Python interoperability

The JSONL format maps directly to a pandas DataFrame:

import json, pandas as pd

rows = []
with open("attribution.jsonl") as f:
    for line in f:
        seq = json.loads(line)
        for tok in seq["tokens"]:
            rows.append({
                "prompt":      seq["prompt"],
                "model":       seq["model"],
                "position":    tok["position"],
                "token":       tok["token"],
                "confidence":  tok["confidence"],
                "perplexity":  tok["perplexity"],
                "attribution": tok["attribution_score"],
            })
df = pd.DataFrame(rows)

Token Attribution Map (causal leave-one-out)

AttributionMap computes per-output-token causal attribution scores using an approximate leave-one-out (LOO) proxy.
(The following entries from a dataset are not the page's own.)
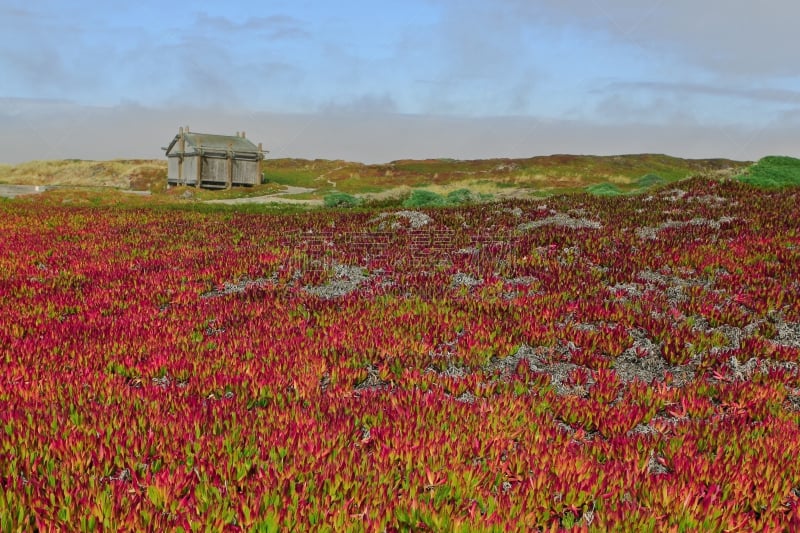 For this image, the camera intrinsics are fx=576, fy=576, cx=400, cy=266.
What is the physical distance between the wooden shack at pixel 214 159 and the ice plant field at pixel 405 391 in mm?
51320

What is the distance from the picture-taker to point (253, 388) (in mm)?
6105

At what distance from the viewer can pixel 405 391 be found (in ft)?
19.5

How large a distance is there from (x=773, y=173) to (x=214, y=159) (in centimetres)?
5385

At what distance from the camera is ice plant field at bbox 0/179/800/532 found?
12.8ft

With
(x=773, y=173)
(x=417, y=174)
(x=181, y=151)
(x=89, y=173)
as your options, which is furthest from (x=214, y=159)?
(x=89, y=173)

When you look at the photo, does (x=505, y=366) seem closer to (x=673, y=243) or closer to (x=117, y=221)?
(x=673, y=243)

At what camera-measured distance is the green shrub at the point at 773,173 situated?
25562 millimetres

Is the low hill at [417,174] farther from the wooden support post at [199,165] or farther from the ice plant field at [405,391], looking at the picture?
the ice plant field at [405,391]

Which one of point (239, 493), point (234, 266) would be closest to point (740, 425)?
point (239, 493)

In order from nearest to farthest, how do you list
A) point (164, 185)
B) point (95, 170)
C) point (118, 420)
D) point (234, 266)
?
point (118, 420)
point (234, 266)
point (164, 185)
point (95, 170)

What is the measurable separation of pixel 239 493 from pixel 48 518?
1.16 meters

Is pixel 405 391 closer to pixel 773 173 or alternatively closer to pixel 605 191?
pixel 773 173

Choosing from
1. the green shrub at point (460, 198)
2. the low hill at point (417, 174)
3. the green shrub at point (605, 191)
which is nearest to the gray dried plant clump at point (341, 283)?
the green shrub at point (460, 198)

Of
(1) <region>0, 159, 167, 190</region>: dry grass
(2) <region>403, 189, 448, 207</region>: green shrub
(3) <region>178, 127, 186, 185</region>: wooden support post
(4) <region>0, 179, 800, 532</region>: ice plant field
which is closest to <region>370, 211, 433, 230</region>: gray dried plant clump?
(4) <region>0, 179, 800, 532</region>: ice plant field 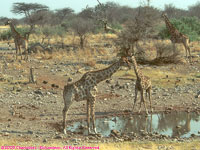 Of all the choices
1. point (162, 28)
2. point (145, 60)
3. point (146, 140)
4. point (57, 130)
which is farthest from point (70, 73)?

For each input token i, the model is re-run with token i masked; the drop in confidence of each output token is recorded as the influence score.

Computation model

score(input_i, output_j) = baseline_confidence(output_j)
                         - masked_confidence_when_input_i_hidden(output_j)
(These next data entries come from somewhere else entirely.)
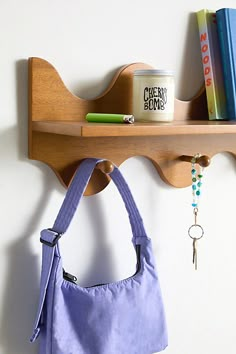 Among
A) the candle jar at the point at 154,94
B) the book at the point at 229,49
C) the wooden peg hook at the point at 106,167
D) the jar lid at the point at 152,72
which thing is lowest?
the wooden peg hook at the point at 106,167

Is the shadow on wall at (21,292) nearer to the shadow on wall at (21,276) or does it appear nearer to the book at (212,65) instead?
the shadow on wall at (21,276)

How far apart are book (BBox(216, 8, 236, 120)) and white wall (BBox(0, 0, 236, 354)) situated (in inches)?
2.0

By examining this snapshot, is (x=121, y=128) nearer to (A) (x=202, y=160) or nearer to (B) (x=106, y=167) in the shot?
(B) (x=106, y=167)

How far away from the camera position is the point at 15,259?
0.71 metres

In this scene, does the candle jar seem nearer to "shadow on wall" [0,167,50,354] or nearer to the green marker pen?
the green marker pen

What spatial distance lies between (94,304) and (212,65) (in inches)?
15.7

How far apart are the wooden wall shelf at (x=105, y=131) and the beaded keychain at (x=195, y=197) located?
2 cm

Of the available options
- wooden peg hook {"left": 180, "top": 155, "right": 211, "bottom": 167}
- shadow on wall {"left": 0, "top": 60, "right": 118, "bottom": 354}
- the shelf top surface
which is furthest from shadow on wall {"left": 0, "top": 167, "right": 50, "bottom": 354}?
wooden peg hook {"left": 180, "top": 155, "right": 211, "bottom": 167}

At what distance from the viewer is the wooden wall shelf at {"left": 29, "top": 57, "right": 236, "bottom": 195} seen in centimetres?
66

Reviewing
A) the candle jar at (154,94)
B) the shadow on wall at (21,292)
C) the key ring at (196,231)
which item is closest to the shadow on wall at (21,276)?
the shadow on wall at (21,292)

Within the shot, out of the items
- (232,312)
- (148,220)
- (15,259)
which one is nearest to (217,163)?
(148,220)

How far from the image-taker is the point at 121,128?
613 mm

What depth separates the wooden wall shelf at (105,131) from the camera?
66 centimetres

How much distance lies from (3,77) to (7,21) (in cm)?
7
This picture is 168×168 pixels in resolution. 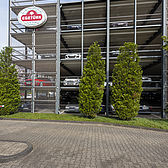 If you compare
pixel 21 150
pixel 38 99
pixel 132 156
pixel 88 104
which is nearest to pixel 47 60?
pixel 38 99

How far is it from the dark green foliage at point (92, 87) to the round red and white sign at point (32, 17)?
7.00 metres

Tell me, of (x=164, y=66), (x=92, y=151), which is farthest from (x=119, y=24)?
(x=92, y=151)

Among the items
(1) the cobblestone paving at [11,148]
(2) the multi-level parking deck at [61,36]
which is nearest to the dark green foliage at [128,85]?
(2) the multi-level parking deck at [61,36]

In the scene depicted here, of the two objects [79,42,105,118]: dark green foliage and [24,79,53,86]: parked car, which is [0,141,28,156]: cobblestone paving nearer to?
[79,42,105,118]: dark green foliage

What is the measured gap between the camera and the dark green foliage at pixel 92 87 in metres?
8.69

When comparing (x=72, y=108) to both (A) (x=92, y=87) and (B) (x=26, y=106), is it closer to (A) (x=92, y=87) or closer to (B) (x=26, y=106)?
(A) (x=92, y=87)

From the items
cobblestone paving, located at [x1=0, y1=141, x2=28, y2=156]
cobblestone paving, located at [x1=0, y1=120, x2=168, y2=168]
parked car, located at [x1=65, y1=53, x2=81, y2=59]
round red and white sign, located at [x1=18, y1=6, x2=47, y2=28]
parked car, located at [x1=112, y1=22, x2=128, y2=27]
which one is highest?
round red and white sign, located at [x1=18, y1=6, x2=47, y2=28]

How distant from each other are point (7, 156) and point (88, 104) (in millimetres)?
5935

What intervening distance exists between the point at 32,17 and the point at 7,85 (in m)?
7.61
Positive score = input i was helping output j (removing it reduced confidence). Negative score = input i was hurting output j.

This requires N+1 inferences for N input tokens. Use max_input_tokens in your runner to control cost.

Example

use every_other_token::attribution::{AttributionMap, AttributionRenderer};

// Baseline confidences from a full forward pass (one per output token).
let input_tokens = vec!["What".to_string(), "is".to_string(), "gravity".to_string()];
let baseline = vec![0.9_f64, 0.85, 0.7, 0.6];

let mut map = AttributionMap::new(input_tokens.clone(), baseline);

// Add one masked run per input token (from re-running the model).
map.add_masked_run(0, vec![0.85, 0.80, 0.65, 0.55]); // mask "What"
map.add_masked_run(2, vec![0.50, 0.40, 0.30, 0.20]); // mask "gravity"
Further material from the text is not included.